Der mit der Wiedereröffnung der US-Wirtschaft nach der Corona-Krise verbundene Inflationsschub hat die Notenbank Fed offenbar kalt erwischt. Bei einer Anhörung im US-Senat räumte Fed-Chef Jerome Powell am Donnerstag ein, dass diese historisch betrachtet «einmalige» Teuerung höher ausgefallen sei als die Fed «oder irgendjemand» erwartet hätte.
Sie gehe nicht wie in früheren Konjunkturphasen mit einem heiss laufenden Arbeitsmarkt einher. Vielmehr sei mit der Wiedereröffnung «ein Schock durch das System gegangen» und habe die Teuerung weit über die von der Fed angestrebte Zwei-Prozent-Marke getrieben: «Natürlich sehen wir das nicht entspannt.» Die Verbraucherpreise waren im Juni überraschend kräftig um 5,4 Prozent zum Vorjahr gestiegen und hatten Spekulationen auf eine vorzeitige Zinswende genährt.

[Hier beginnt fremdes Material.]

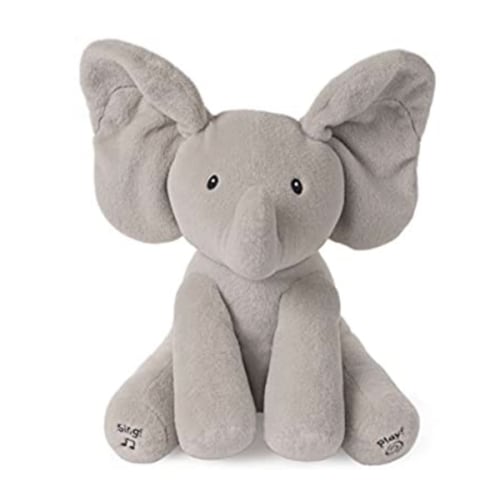 Baby GUND Animated Flappy the Elephant Stuffed Animal Plush, Gray, 12" - Standard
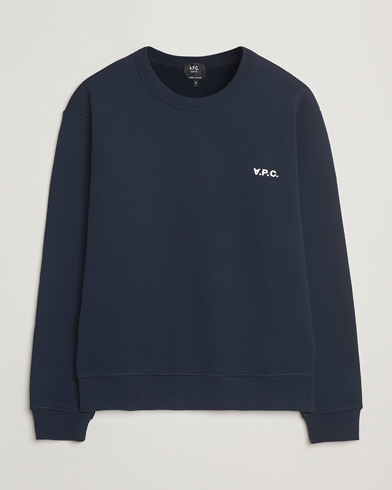 A.P.C. Boxy Fit Petit VPC Sweatshirt Dark Navy/Ecru – Azul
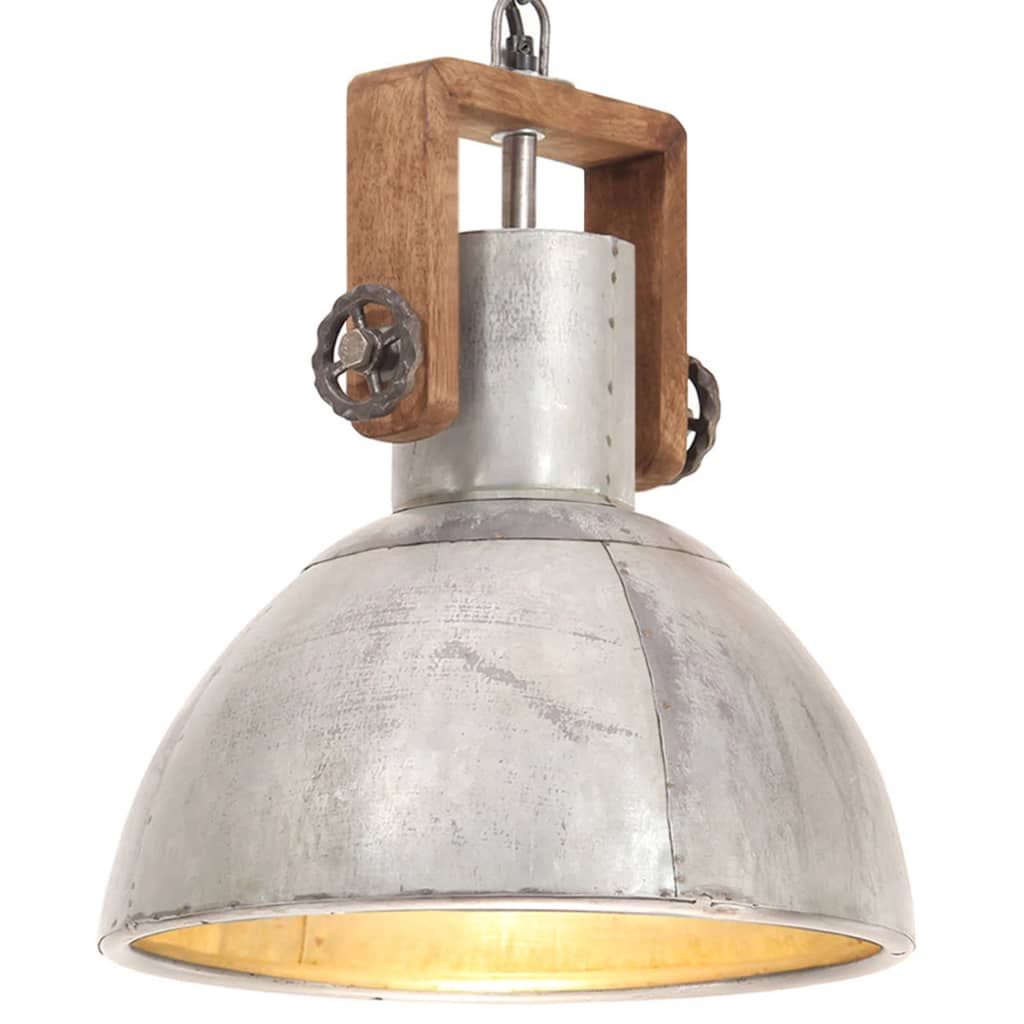 Industrijska viseća svjetiljka 25 W srebrna okrugla 30 cm E27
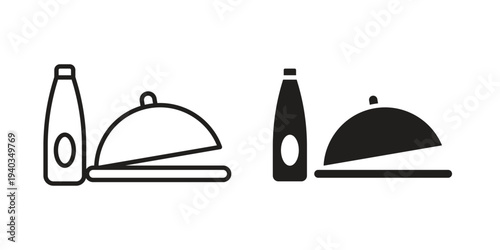 Room service icon Symbol for App and Web UI Design Vectors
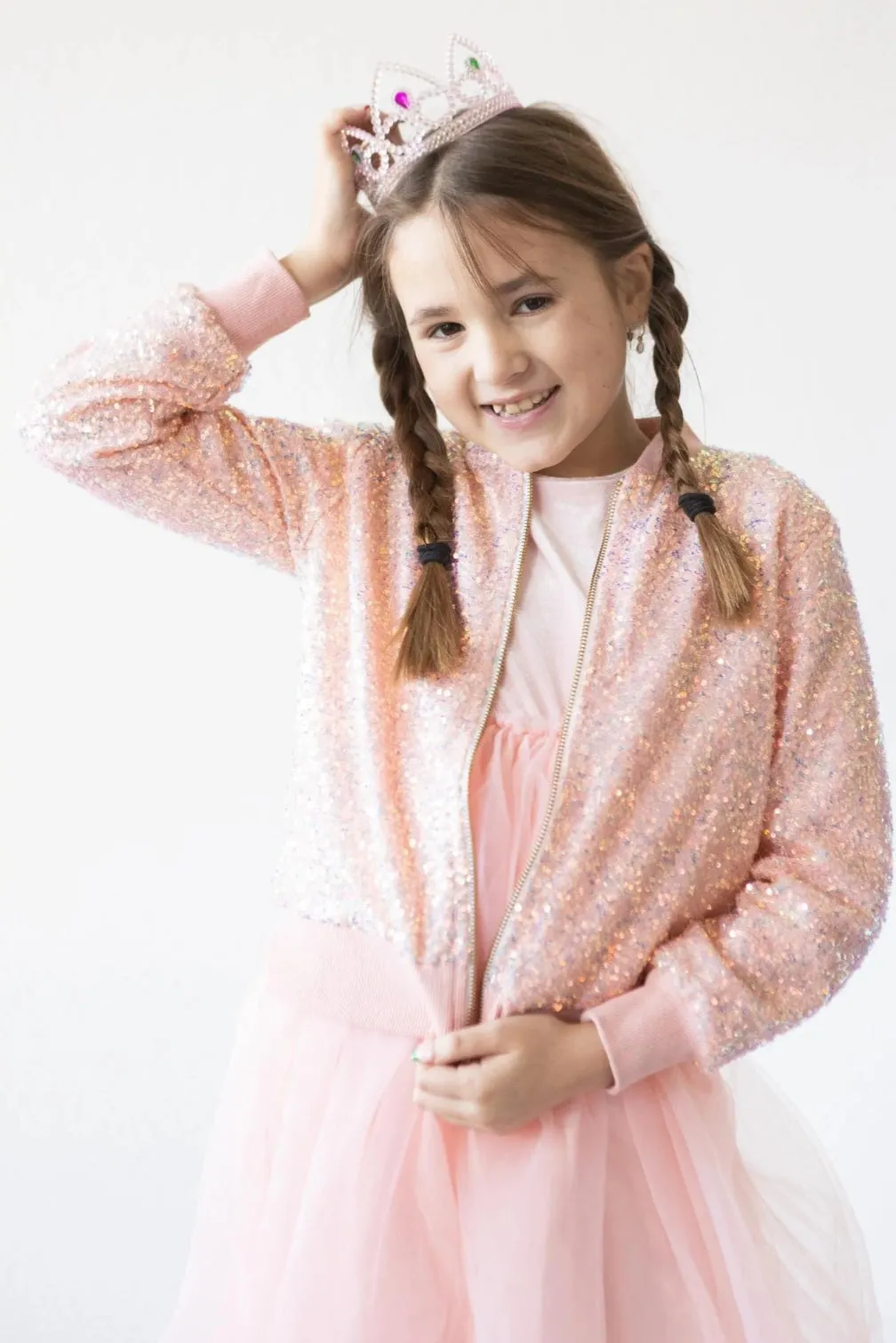 Peach Sequin Jacket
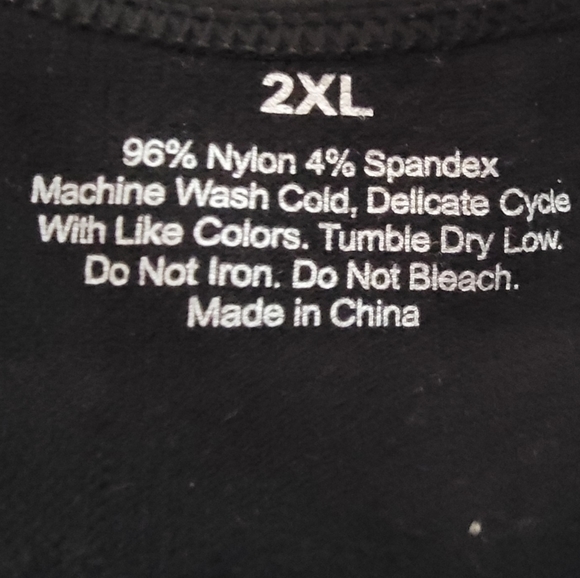 2 Black Bra Tank Shirts  XL Cup B Stratchy BRAND NEW - Picture 6 of 6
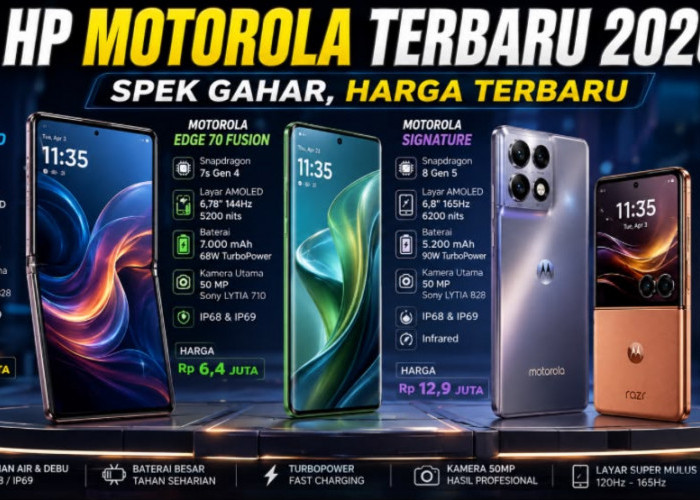 Ini 4 Smartphone Terbaru Motorola Mulai dari Seri Edge, Signature hingga HP Lipat Razr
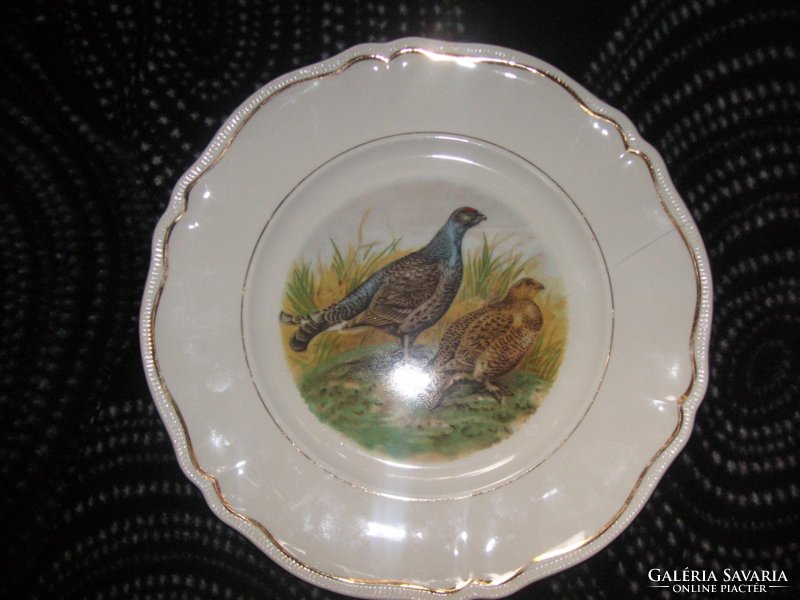 French flat plate with pheasant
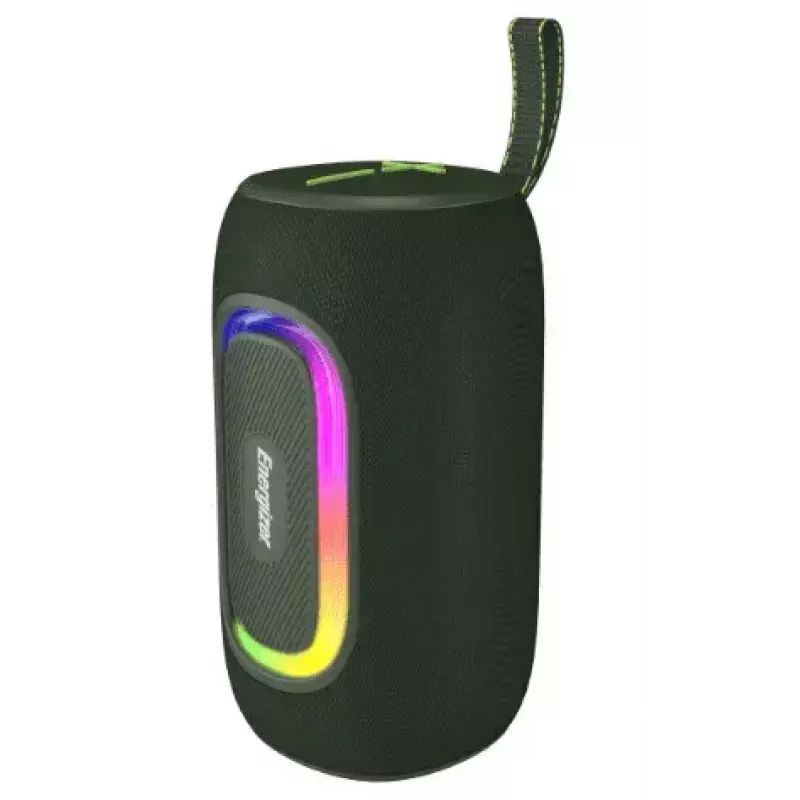 Pārnēsājams/ballīšu skaļrunis Energizer BTS163 — 16 W RMS, Bluetooth, Li‑Ion 1800 mAh, MicroSD, daudzkrāsu apgaismojums, melns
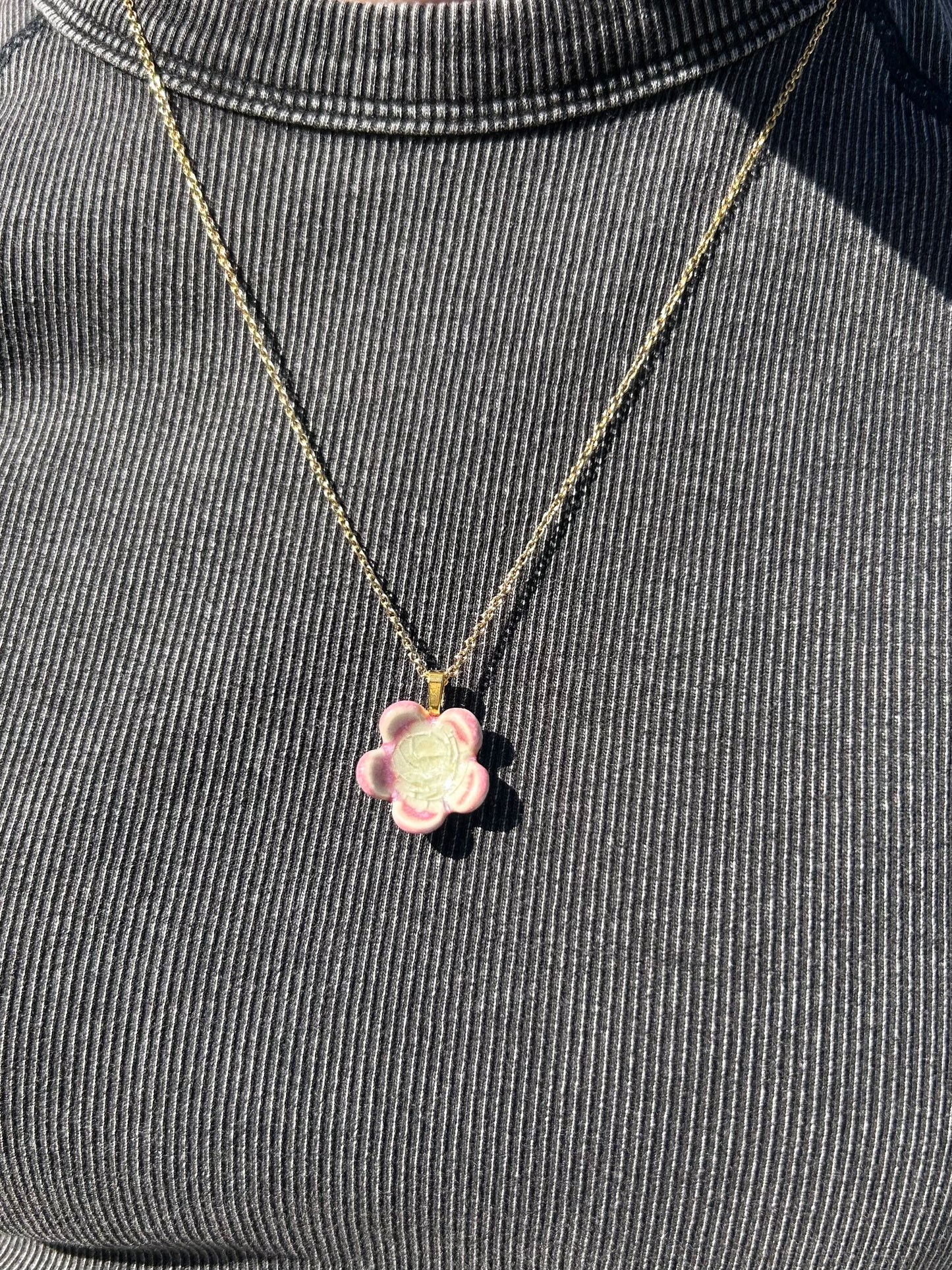 Pendentif fleur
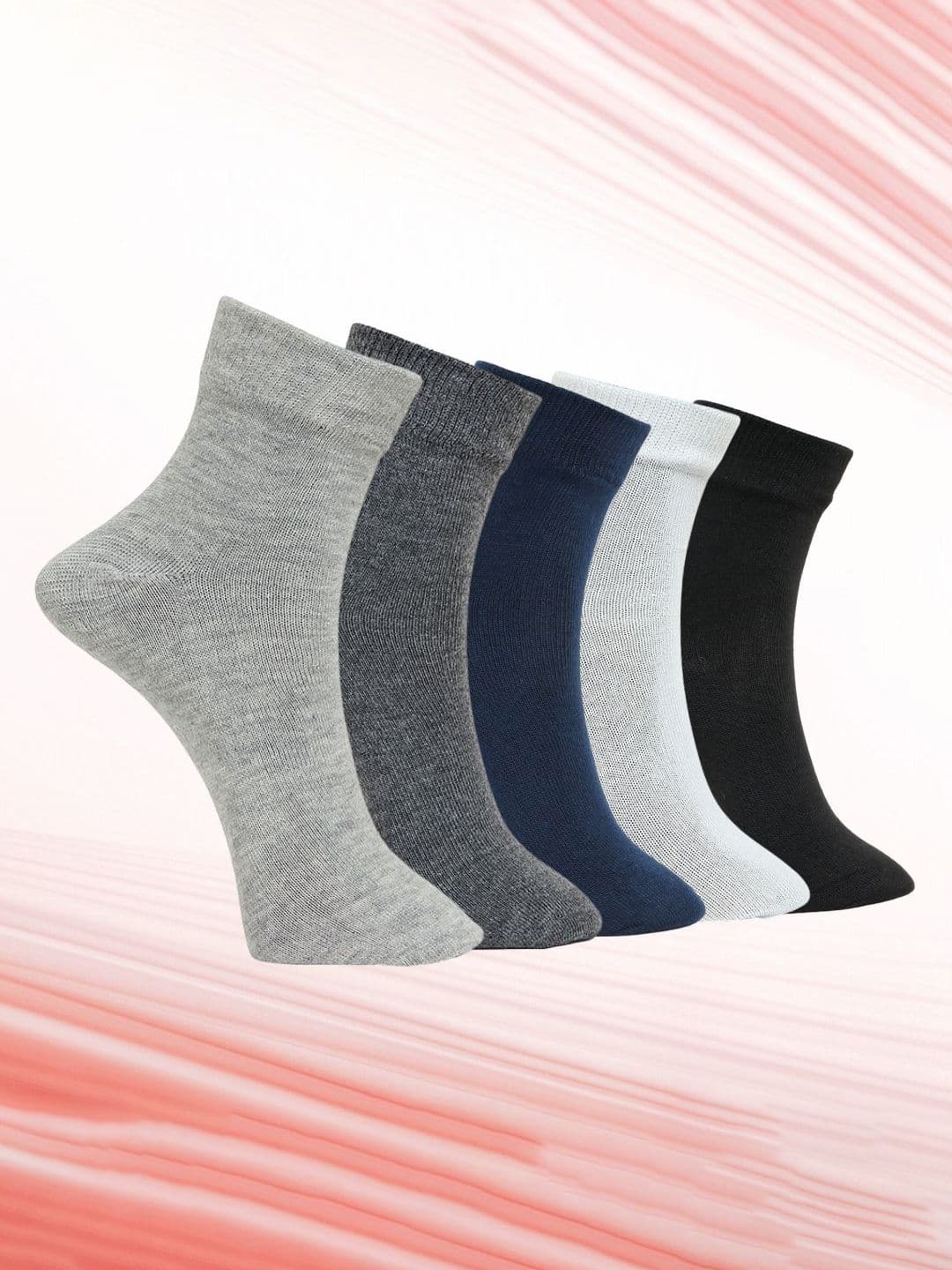 MJE Pack Of 5 Ankle-Length Socks - view 1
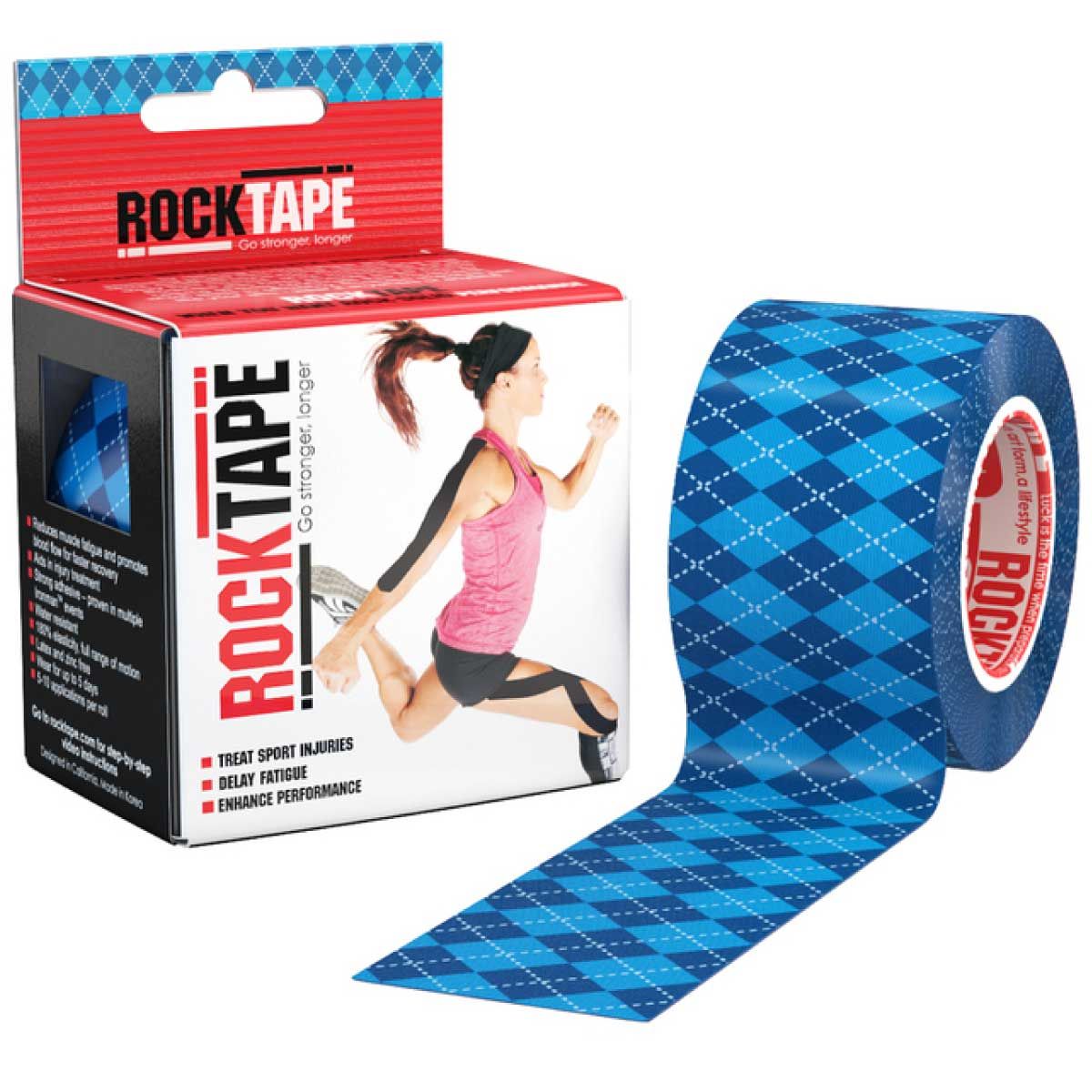 Miếng Dán Cơ Rocktape Korea - Blue Argyle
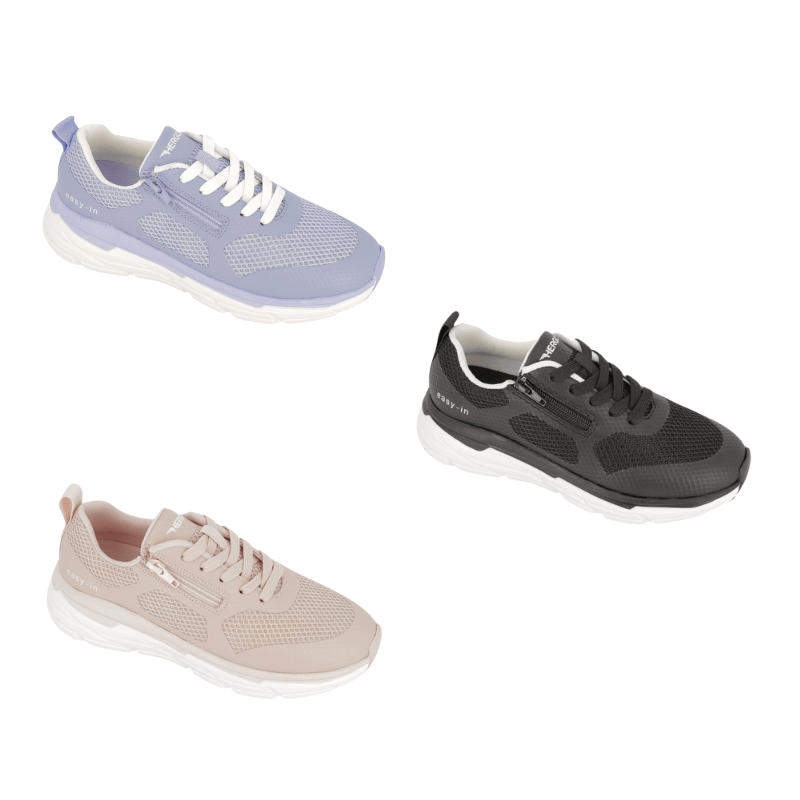 Scarpa comoda donna con plantare estraibile 3 colori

Konjunkturförderung im Vordergrund
Solange sich die Inflation als vorübergehend erweise, verbiete sich eine Reaktion darauf, betonte Powell. Doch wenn sie sich wider Erwarten länger hinziehen sollte, müssten die Risiken weiter bewertet werden - insbesondere mit Blick auf die Inflationserwartungen. Die Fed fördere mit ihrer Geldpolitik die Konjunktur. Dies werde auch «geraume Zeit» so bleiben, selbst wenn die Notenbank letztlich ihre Anleihenkäufe herunterfahren sollte und selbst nach einer Zinserhöhung.
Powell hatte am Vortag im Repräsentantenhaus bekräftigt, dass die hohe Inflationsrate vorübergehend sei und «in den kommenden Monaten» nachgeben werde. Ausserdem sei der Arbeitsmarkt noch «ein ganzes Stück» von dem Niveau entfernt, ab dem die Zentralbank die geldpolitische Unterstützung für die Wirtschaft zurückfahren werde. Dennoch werde sich die Fed Ende Juli mit dem Abschmelzen der Käufe beschäftigen.
Die Fed unterstützt die von der Corona-Krise getroffene Wirtschaft mit dem Ankauf von Staatsanleihen und Hypothekenpapieren (MBS) in Höhe von monatlich 120 Milliarden Dollar. Sie will daran so lange festhalten, bis substanzielle Fortschritte bei der Preisstabilität und am Arbeitsmarkt erreicht sind.
Janet Yellen: Nur vorübergehend
US-Finanzministerin Janet Yellen bekräftigte in einem Radio-Interview am Donnerstag, dass die derzeit erhöhte Inflation nur vorübergehend sein werde. Jedoch müsse die Preisbeschleunigung sehr sorgfältig beobachtet werden, sagte Yellen dem «National Public Radio». Die Inflation werde nicht bereits im nächsten Monat verschwinden. Mittelfristig dürfte dies jedoch der Fall sein.
Yellen drückte zudem ihre Sorgen mit Blick auf den Häusermarkt aus. In einem Interview mit «CNBC» sagte sie, dass Familien, die erstmals eine Immobilie erwerben wollten, angesichts hoher Preise Druck ausgesetzt seien. Der Kongress werde sich Pläne der Regierung unter Präsident Joe Biden anschauen, das Angebot von erschwinglichen Immobilien zu erhöhen.
Zudem lobte sie die US-Notenbank. Sie habe Respekt vor der Federal Reserve. Ausserdem sei es wichtig, dass diese unabhängige Entscheidungen treffen könne. «Ich denke, dass die Fed einen guten Job gemacht hat».